Soyez également prudent dans votre façon de décrire votre métier actuel. Les recruteurs pourront vous demander si vous avez perçu des choses à améliorer ou « des choses qui ne fonctionnent pas bien »… et effectivement, ça les intéresse de voir à quel point vous avez un regard critique sur votre environnement direct.
Mais allez-y doucement quand même… Vous êtes supposé être constructif. Si vous êtes capable de parler intelligemment de l’entreprise et de son positionnement c’est un très bon point.
Cela montre que vous êtes assez malin et courageux. Et diplomate. Et plein de tact.

Vous savez arrondir les angles mais vous avez néanmoins du répondant.
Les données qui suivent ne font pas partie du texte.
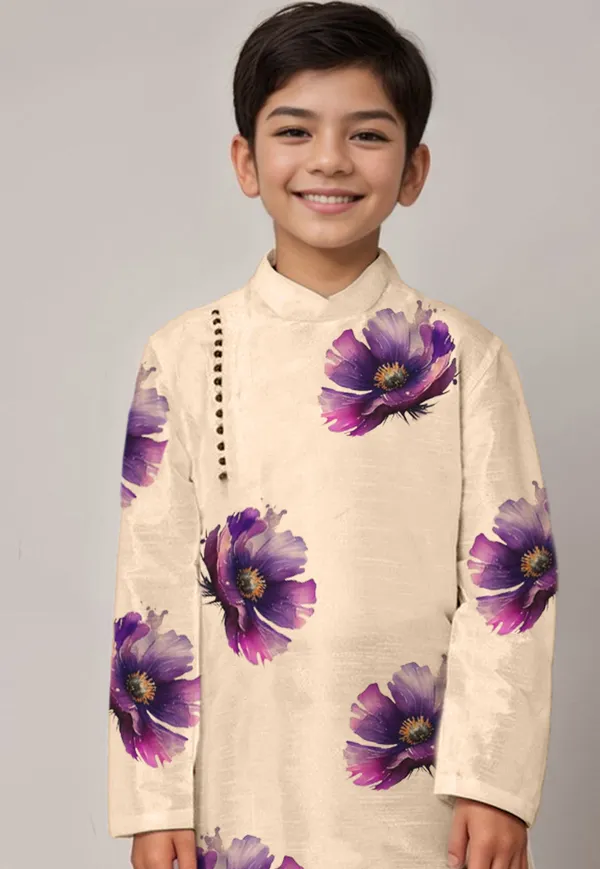 Beige_Printed_Kurta_With_Dhoti_For_Boy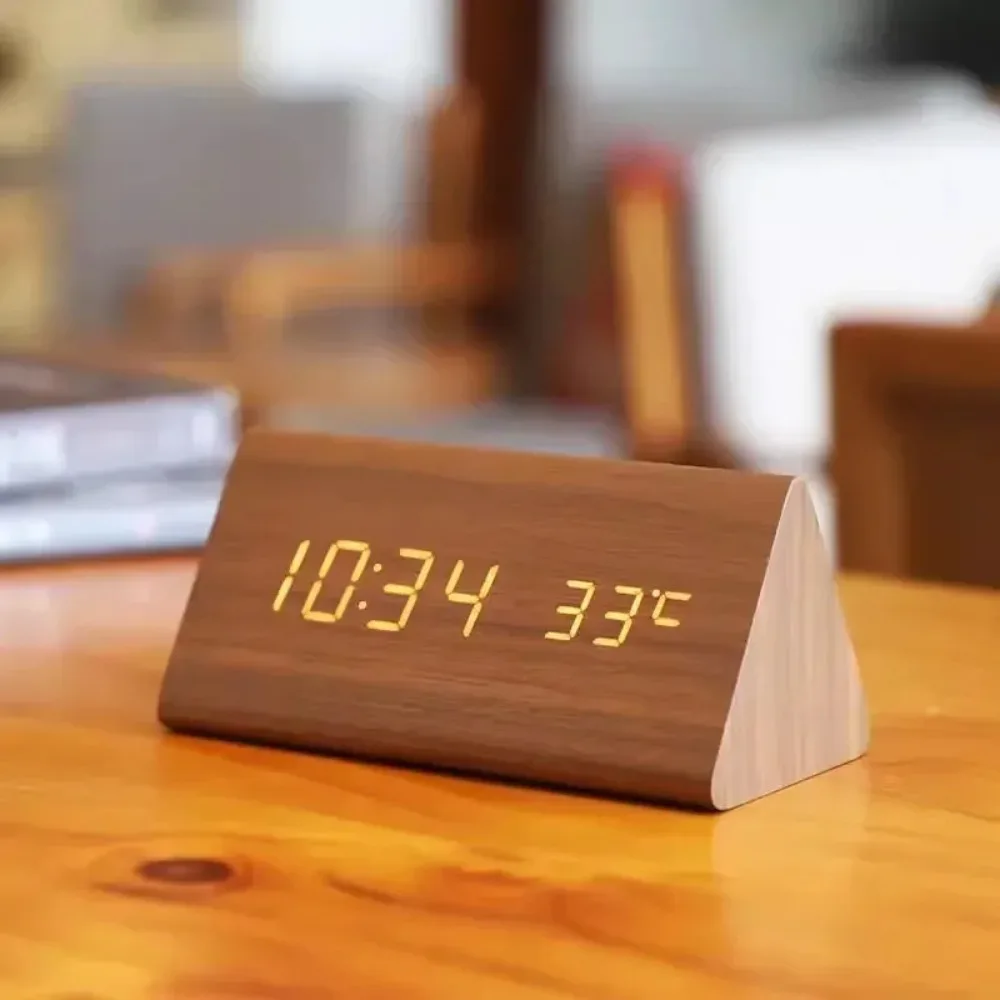Digital Clock Wooden Sound Control LED Alarm Clock with Temperature USB Desktop Clocks Home Table Decor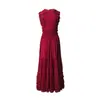 Moda Femenina Verano 2026 Cuello Redondo Sin Mangas Profusamente Adornado Cintura Fruncida con Volantes Vestido de Noche Elegante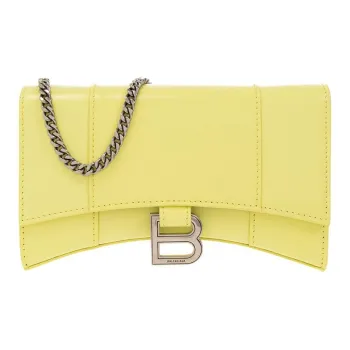 Balenciaga Hourglass Calfskin Shoulder Bag Crossbody Bag Wallet Extra Small Women's Yellow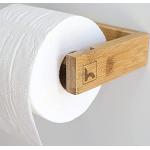 HENNEZ Toiletrolhouder hout bamboe, toiletpapierhouder zonder boren, toiletrolhouder toiletpapierhouder - Toiletpapierhouder - Toiletrolhouder hout - Badkameraccessoires bamboe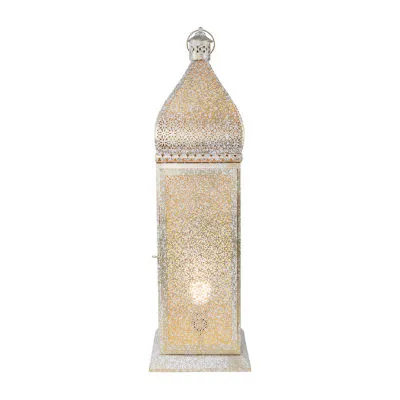 30.5'' White and Gold Moroccan Style Lantern Floor Lamp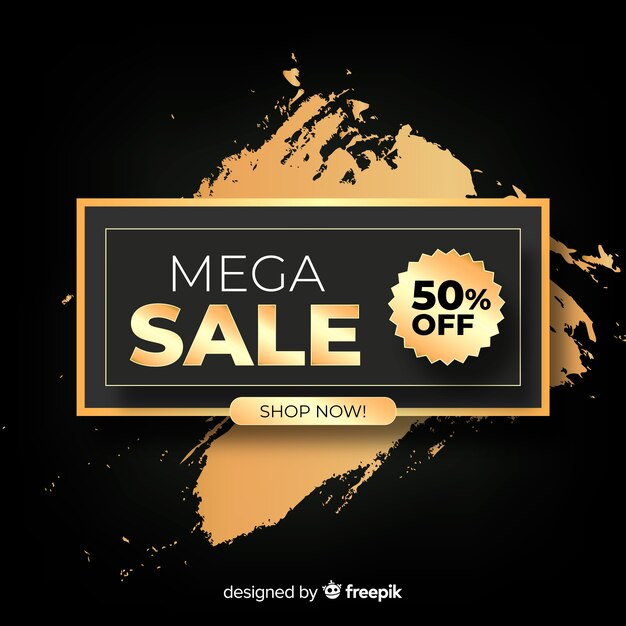 Sales banner in golden style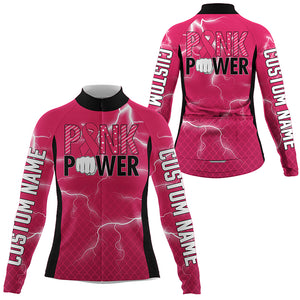 Pink power cycling jersey womens bike shirts girls Breathable biking tops with 3 pockets & zipper| SLC225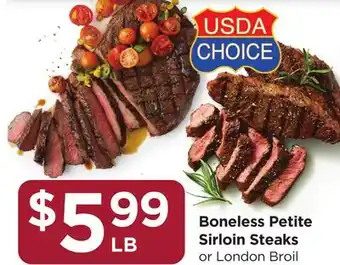 Food 4 Less Boneless Petite Sirloin Steaks offer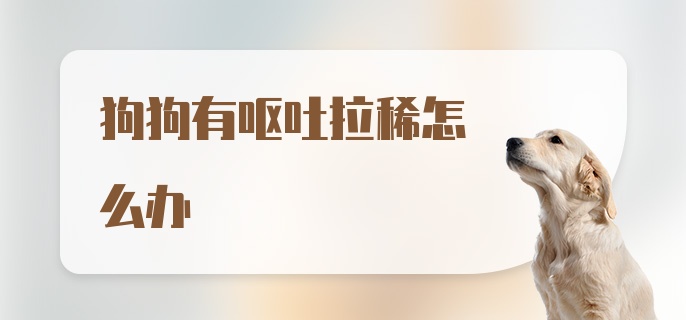 狗狗有呕吐拉稀怎么办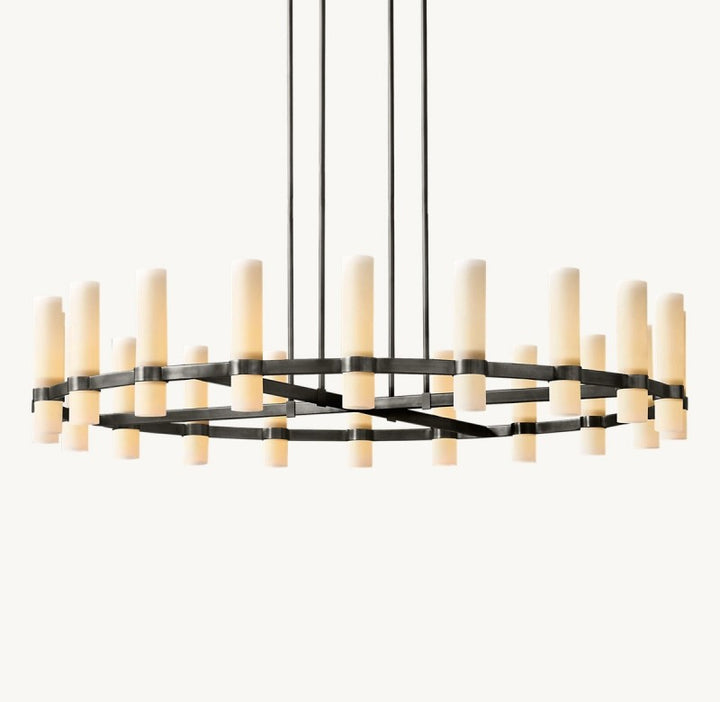 Sisyphus Round Milk Glass Chandelier 60“D
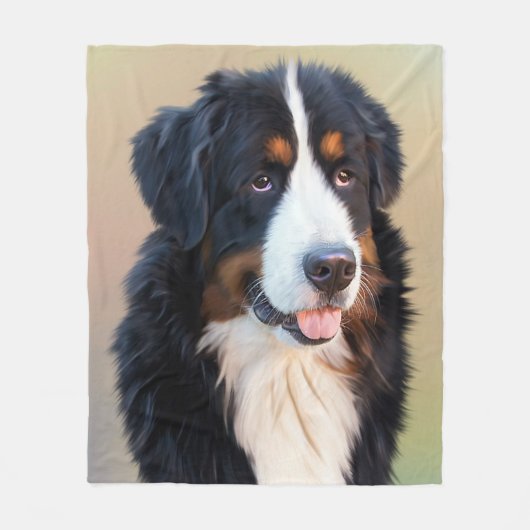 Berner Sennenhund Fleece Deken (Voorkant)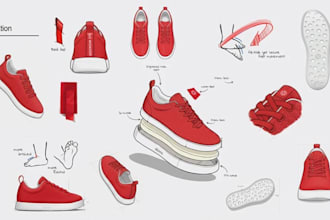 do custom 3d sneakers tech pack and footwear modeling design for manufacturing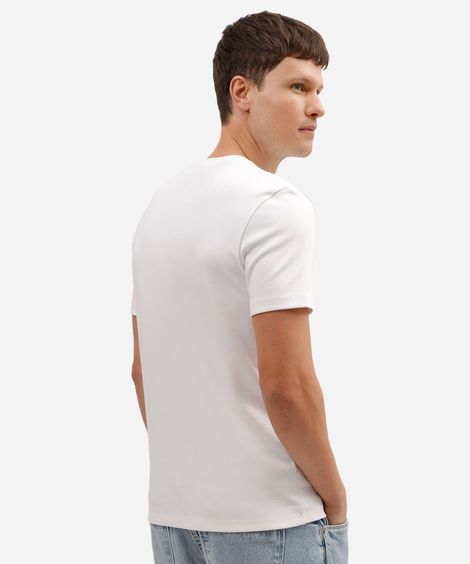 camiseta básica masculina de algodão peruano bold gola v branca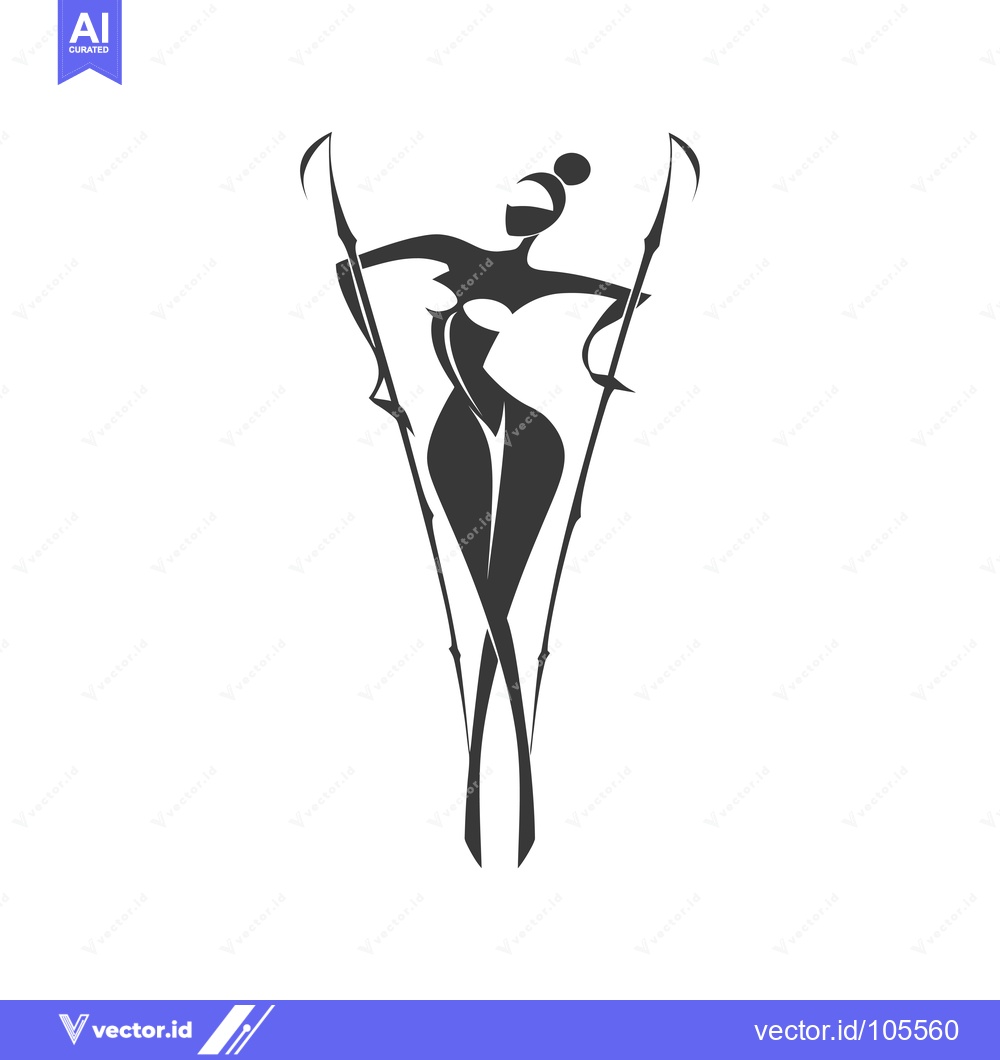 Premium Vector dari Stylized Silhouette of a Woman Skiing with Poles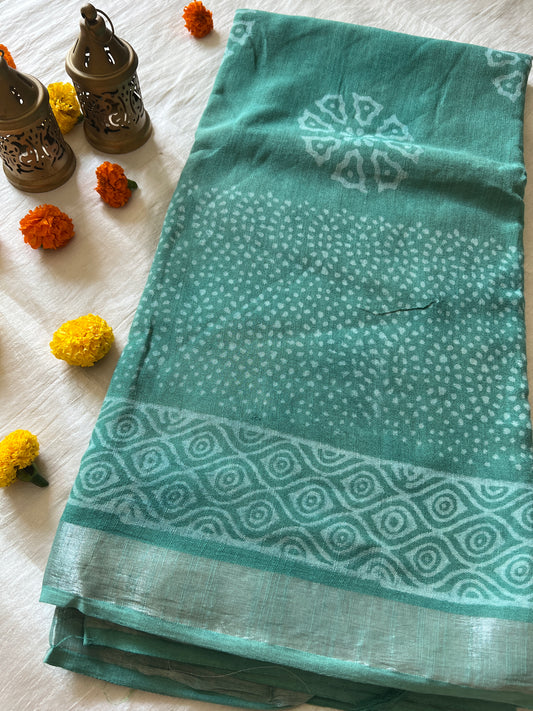Handblock Linen Cotton Saree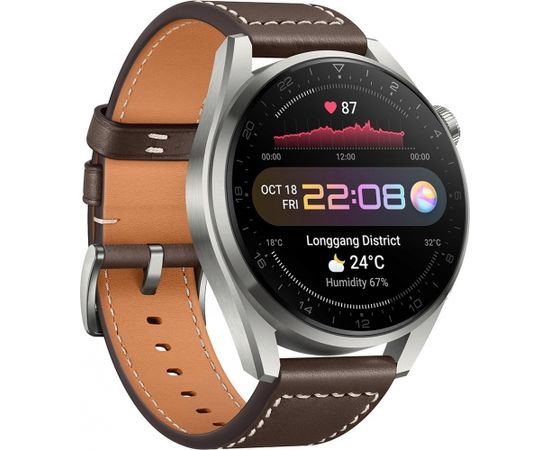 Huawei Watch 3 Pro Classic silver/brown leather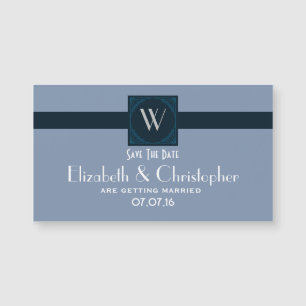 Carte Magnétique Enregistrer la date Mariage Monogramme initial
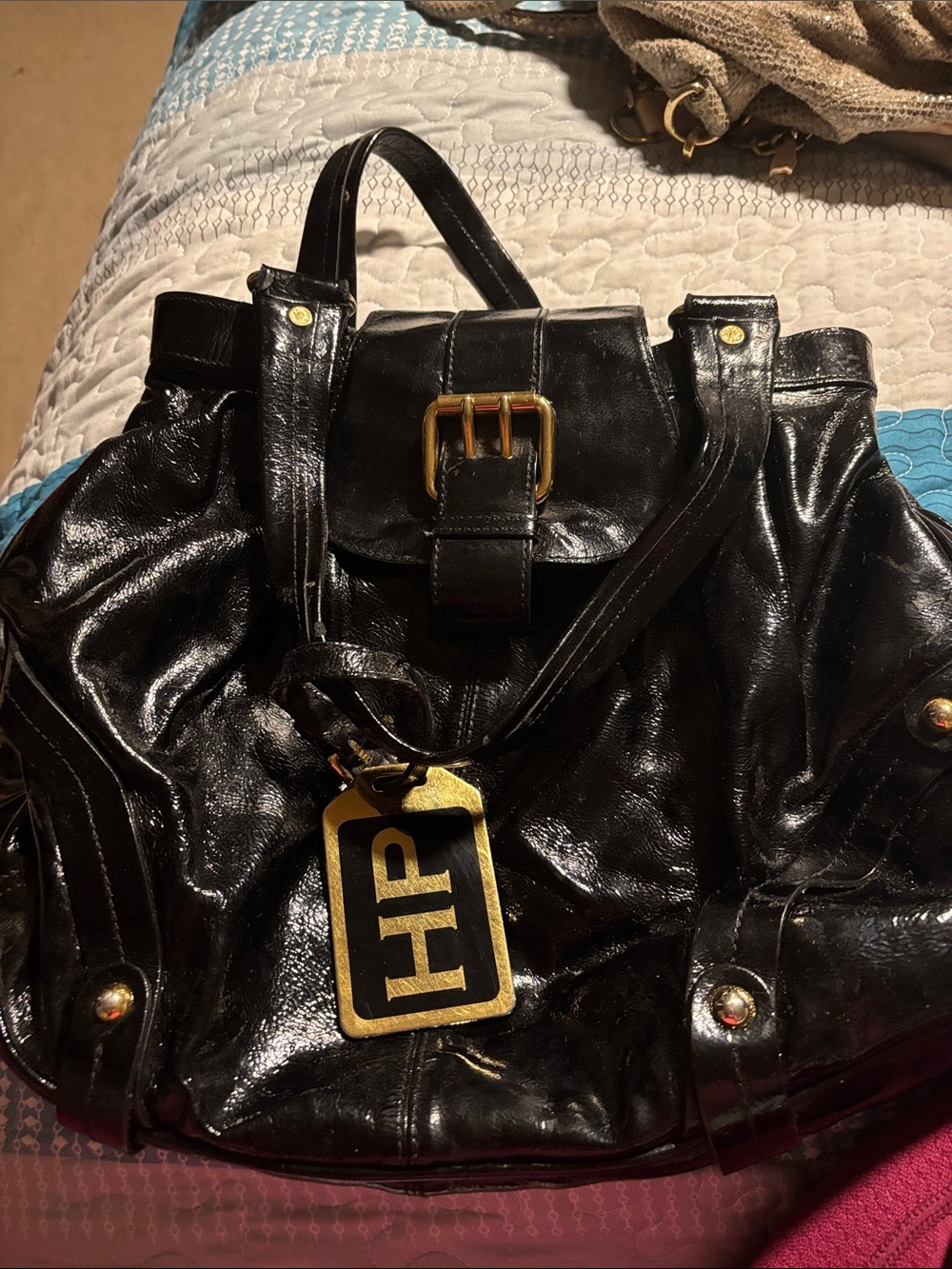 Dooney & Bourke Black Patent Tote with Gold Hardware
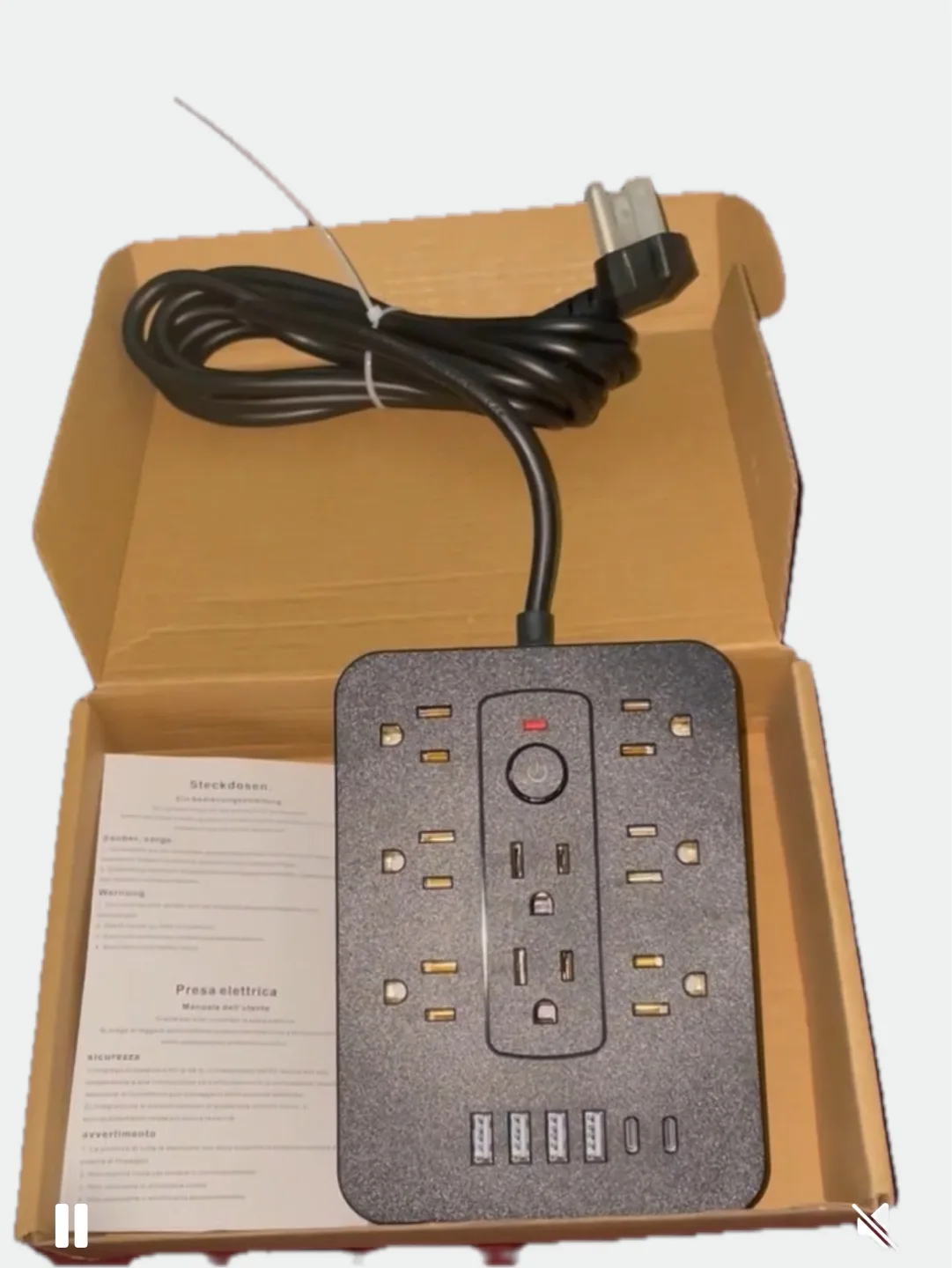 New 20 in 1 (14xAC, 4xUSB & 2xUSB-C) Power Strip Surge P thumbnail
Et on aime ça, les gens avec des tripes.
Pensez à l’explosion de la navette Challenger en 1986.
Compte tenu des sordides problèmes de fuite de joint en caoutchouc auriez-vous eu le cran d’annuler l’envol de Challenger ? A chaque recrutement, nous espérons bien être devant celui ou celle qui l’aurait fait et qui serait à nouveau capable de ce genre de décision remarquable.

Sally Bott, la DRH de British Petroleum doit penser la même chose depuis le 20 avril 2010, concernant une certaine valve sous-marine de sécurité sur la plateforme Deepwater Horizon… ou le Directeur des Ressources Humaines de Costa Crociere, depuis le naufrage du Costa Concordia.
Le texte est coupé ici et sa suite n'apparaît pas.